The Graduate first opened in 1931 as the Edmond Meany Hotel.

The University District’s new Graduate hotel does not scream UW or Seattle. It gestures. In the lobby, two long, low couches face each other, covered in a plaid fabric dominated by shades of purple. At one end of the room, speakers and amps culled from Seattle venues flank a giant gold-framed mirror, creating a floor-to-ceiling homage to the city’s music scene. Vintage landscape paintings from around Washington hang opposite the fireplace. One meeting room is named for Thelma Dewitty, a UW graduate student who in 1947 became the first black teacher at Seattle Public Schools.

Tidbits of local history are scattered throughout the guest rooms. A velvet image of Sir Mix-A-Lot here. A wooden side table carved in the shape of a husky there. When the building first opened in 1931 as the Edmond Meany Hotel, it was celebrated for its unique blend of Art Deco and modernist architecture. In a city known for brick and terra cotta construction, the concrete tower stood out, according to Cantilevered corners rounded the hotel’s edges, making “every room a corner room,” with large windows and sweeping views, as a 1940 brochure boasted.

Since opening, the hotel has changed hands and names several times. Its latest incarnation was the Hotel Deca, which closed in 2017 when AJ Capital Partners, which owns the Graduate chain, bought the building. The new hotel reopened with 154 rooms.

For the first time in the building’s history, a rooftop restaurant and bar takes advantage of its full height. Located 16 floors up, the eatery includes outdoor and indoor seating with views of Cascade and Olympic peaks and Mount Rainier.

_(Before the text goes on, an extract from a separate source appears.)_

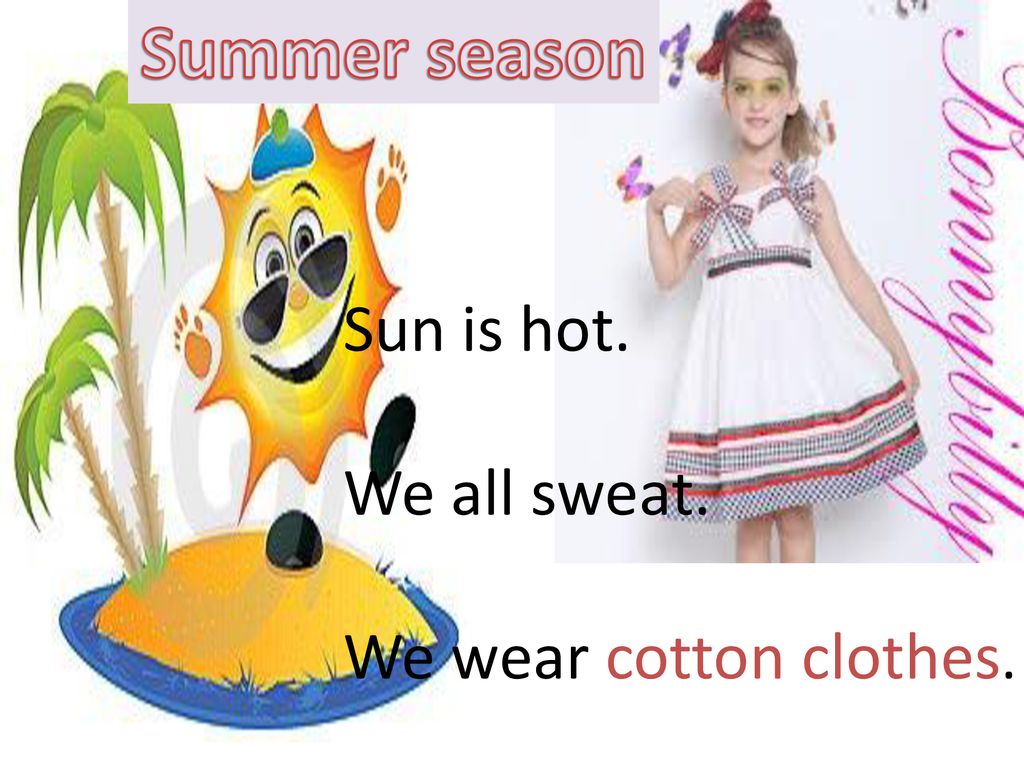 clothes to wear in summer season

The Graduate considers its street-level floors community space. Students and those who work or live nearby are welcome to study, hang out, drink wine or take a yoga class. The hotel offers free yoga instruction on Tuesday nights and Saturday mornings as well as free wine and live music from 5 to 8 p.m. every Thursday. Says Theresa Raleigh, the hotel’s marketing director: “We want to be the living room of the U-District.”